Anıtpark Forum, Ankara Düşünceye Özgürlük Girişimi, Demokrasi için Birlik, Demokratik İslam Kongresi Diyalog Grubu, Doğu-Güneydoğu Dernekleri Platformu, Hak ve Adalet Platformu, Solfasol Gazetesi ve Yurttaş Girişimi’nin ortak yaptıkları açıklamada şu ifadelere yer verildi:

“Türkiye Cumhuriyeti’nin yurttaşları olan bizler bu oyunu defalarca gördük, yaşadık. Sonu kötü bitiyor. İşte yine bir süredir toplumun sinir uçlarına dokunmayı, tedirginlik, kargaşa, güvensizlik ortamı yaratmayı amaçlayan provokatif eylemler peş peşe geliyor.

Van Başkale’de Vefa görevlilerinin uzun menzilli silahlarla saldırıya uğraması, muhalif kişi ve liderlere mermili, silahlı görüntülerle gözdağı verilmesi, Adana Yüreğir İlçesi CHP Gençlik örgütü başkanının tutuklanması, İzmir’de cami hoparlöründen Çav Bella çalınması, Bakırköy’de kilisenin kapısının yakılmak istenmesi, Kuzguncuk Ermeni kilisesinin haçının çalınması, mezarların tahrip edilmesi bu örneklerin bazıları.
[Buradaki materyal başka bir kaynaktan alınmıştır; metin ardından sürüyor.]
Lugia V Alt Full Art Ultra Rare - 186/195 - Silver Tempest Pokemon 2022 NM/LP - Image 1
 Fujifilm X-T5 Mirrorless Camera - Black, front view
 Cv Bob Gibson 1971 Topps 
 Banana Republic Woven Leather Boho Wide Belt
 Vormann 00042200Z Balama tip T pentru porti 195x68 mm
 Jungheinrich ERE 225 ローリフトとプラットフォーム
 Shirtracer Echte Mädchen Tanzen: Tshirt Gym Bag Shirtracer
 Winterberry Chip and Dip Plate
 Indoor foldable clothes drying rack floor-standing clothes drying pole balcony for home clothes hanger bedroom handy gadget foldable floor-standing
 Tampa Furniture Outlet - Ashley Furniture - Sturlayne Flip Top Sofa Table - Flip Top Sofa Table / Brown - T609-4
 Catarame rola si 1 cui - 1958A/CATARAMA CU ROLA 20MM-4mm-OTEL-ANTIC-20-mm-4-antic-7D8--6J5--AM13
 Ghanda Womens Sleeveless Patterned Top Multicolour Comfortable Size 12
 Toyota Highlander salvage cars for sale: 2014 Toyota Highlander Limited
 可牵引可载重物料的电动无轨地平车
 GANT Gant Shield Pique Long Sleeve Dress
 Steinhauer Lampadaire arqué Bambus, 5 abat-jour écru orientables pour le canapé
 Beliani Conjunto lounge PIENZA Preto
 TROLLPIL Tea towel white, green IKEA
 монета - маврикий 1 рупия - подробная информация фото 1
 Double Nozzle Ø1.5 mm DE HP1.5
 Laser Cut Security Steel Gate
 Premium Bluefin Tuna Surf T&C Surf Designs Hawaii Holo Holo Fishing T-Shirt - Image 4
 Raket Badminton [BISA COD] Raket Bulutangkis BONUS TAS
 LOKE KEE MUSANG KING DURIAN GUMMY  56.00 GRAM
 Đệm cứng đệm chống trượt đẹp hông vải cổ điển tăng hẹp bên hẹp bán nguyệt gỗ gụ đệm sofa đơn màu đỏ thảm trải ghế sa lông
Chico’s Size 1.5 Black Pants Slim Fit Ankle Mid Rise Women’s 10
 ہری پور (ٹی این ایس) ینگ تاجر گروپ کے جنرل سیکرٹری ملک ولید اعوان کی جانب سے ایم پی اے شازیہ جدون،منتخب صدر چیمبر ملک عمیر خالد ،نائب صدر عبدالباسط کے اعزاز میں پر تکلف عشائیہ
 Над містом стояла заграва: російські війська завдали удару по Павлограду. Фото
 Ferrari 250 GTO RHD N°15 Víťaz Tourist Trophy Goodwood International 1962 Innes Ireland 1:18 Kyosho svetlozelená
‘FİLMİN SONU HER DEFASINDA KÖTÜ BİTTİ’

Bu kabulü mümkün olmayan eylemlerin en yenisi, iki gün önce Hrant Dink Vakfı’na gönderilen e-postada, daha önce de benzer dönemlerde defalarca duyduğumuz “Bir gece ansızın gelebiliriz” gözdağıyla Rakel Dink’in ve Vakfın avukatının ölümle tehdit edilmesidir.

Son dönemlerde üst üste gelen bu kışkırtma ve saldırılar birbirinden bağımsız ve rastlantısal değildir. Toplumu ayrıştırma, bölme, korku salma amaçlı nefret dilinin tetiklediği güdümlü eylemlerdir. Takipsiz ve cezasız kalmaları şer planları kuran odakları güçlendirmekte, hatta teşvik etmektedir.

Geçmişte benzerlerini yaşadık. Hrant Dink suikastine giden yollar benzer provokasyonlarla ve aynı nefret diliyle döşendi. Bu film bize on yıllar boyunca defalarca seyrettirildi. Filmin sonu her defasında kötü bitti.

Sorumluları provokasyonlara son vermeye, kin ve nefreti körüklemekten vazgeçmeye; yetkilileri görevlerini ve sorumluluklarını layıkıyla yerine getirmeye davet ediyoruz.

Türkiye Cumhuriyeti’nin her türlü ayrımcılığı lanetleyen yurttaşları olarak Hrant Dink Vakfı’na geçmiş olsun diyor, yanlarında olduğumuzu bildiriyoruz.”